Context Behind the Pullback
Importantly, even with a move this dramatic, the current drop only takes silver back to where it was trading 2 to 3 weeks ago. For gold, the pullback barely erases one week of gains. That alone shows how elevated prices have been and why a reset like this was inevitable.
Entering a New Volatility Regime
I also think that because prices have been going crazy, we are now entering a new level of volatility. When markets reach new territory, they need room to move both up and down. In my view, the swings going forward will be much larger because the market needs more space to digest these higher price levels. It’s similar to when a small startup company suddenly breaks out—the daily moves become much bigger. Metals are entering that phase now in my opinion.
Rates, Oil, and the Broader Setup
In my recent article Interest Rates, Gold, and the Calm Before the Next Storm, I explained why I believed interest rates were likely to start heading lower. One of the main reasons was my view that oil was nearing exhaustion. Over the past month, oil has been up about 12 percent, but I believe it is now at risk of rolling over. Not because the commodity cycle is ending, but because the economy is slowing and demand is weakening.
If oil turns here, I believe rates will follow soon after. And this ties directly into silver.
Lower rates are historically one of the strongest catalysts for precious metals. When rates fall, the opportunity cost of holding metals disappears, liquidity expands, and capital rotates toward hard assets. If we are entering a period where rates begin to decline, this could be another strong catalyst for both gold and silver.
A Shakeout Was Overdue
Silver has been on an incredible run over the past year. Nothing goes straight up forever. When a market rises this quickly without meaningful corrections, a reset becomes unavoidable. Today’s move flushed out weak hands, over leveraged traders, and short term speculators. This is exactly how long term opportunities form.

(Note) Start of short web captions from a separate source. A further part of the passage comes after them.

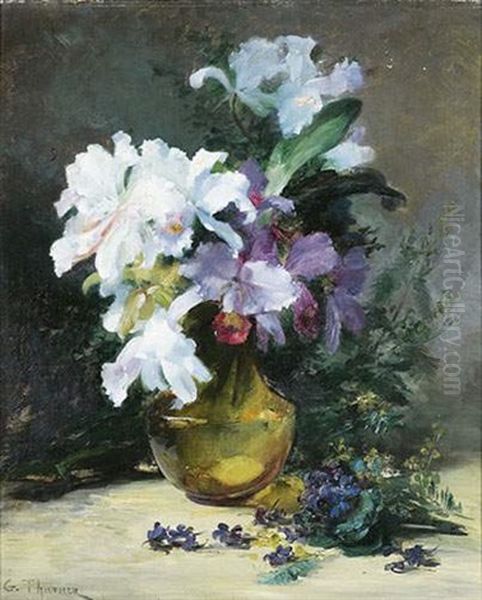 Bouquet De Fleurs Oil Painting by Gabriel Edouard Thurner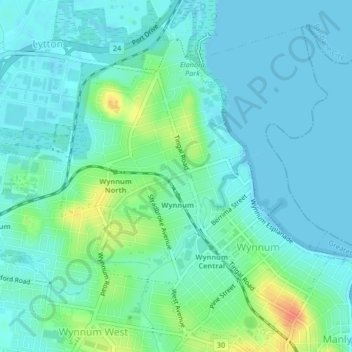Wynnum topographic map, elevation, terrain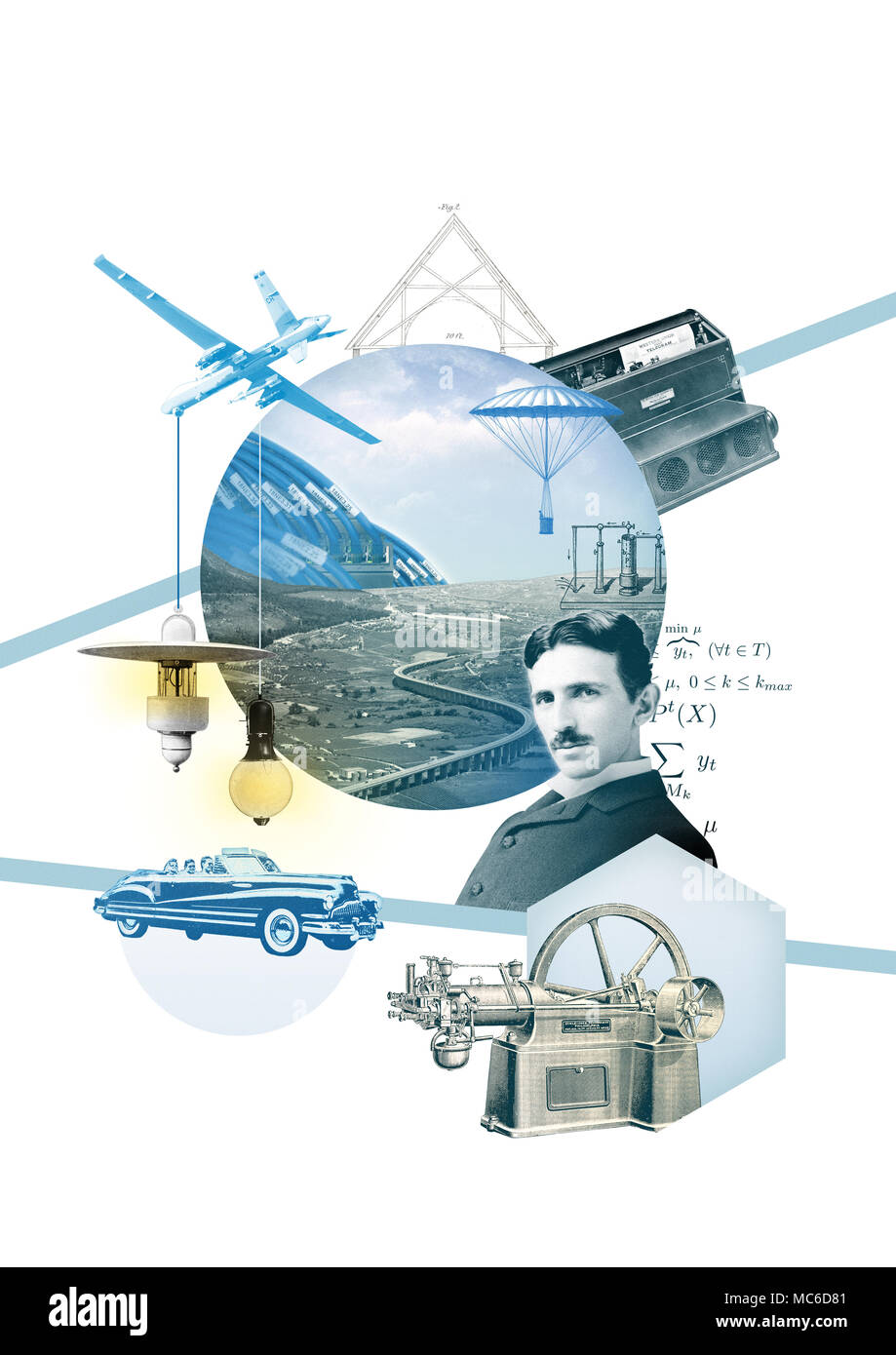Nikola Tesla surrounded with inventions Stock Photo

I have been saying for a long time that we are entering a 10 to 20 year precious metals cycle. Commodity supercycles usually begin after long periods where financial assets dominate. We have had more than a decade of that. The cycle is shifting.
As prices climb into new territory, the volatility naturally increases. Bigger upside moves create room for bigger downside moves. This is healthy. A market cannot only go straight up—it needs to breathe. Today’s correction is part of that process.

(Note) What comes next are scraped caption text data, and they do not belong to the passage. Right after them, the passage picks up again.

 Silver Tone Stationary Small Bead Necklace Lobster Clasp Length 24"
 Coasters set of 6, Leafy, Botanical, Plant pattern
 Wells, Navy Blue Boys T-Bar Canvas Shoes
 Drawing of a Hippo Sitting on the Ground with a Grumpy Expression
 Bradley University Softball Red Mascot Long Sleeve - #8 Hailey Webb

The Bigger Commodity Picture
We are entering a period of massive global demand for raw materials. Robotics, automation, AI chips, battery factories, renewable energy systems. All of it requires enormous amounts of metals and energy.
This is not a hype cycle. It is structural.
The world being built right now cannot function without commodities.
Manipulation or Market Mechanics
Was today’s move manipulation? Possibly. Silver has a long history of sharp, sudden swings. But whether this drop was engineered or simply caused by thin liquidity and forced liquidations is not the key point.
The long term cycle has not changed.
What I Am Doing Personally
I am watching closely. If I believe silver has bottomed, I expect to be buying silver and buying some gold, possibly over the weekend. I do not chase waterfalls. I wait, I watch the behavior, and then I act.
In my view, this is a healthy pullback inside a much larger trend. For people who understand the cycle we are in, moves like this often become opportunities.
This is not financial advice. It is simply how I think about markets, cycles, and timing.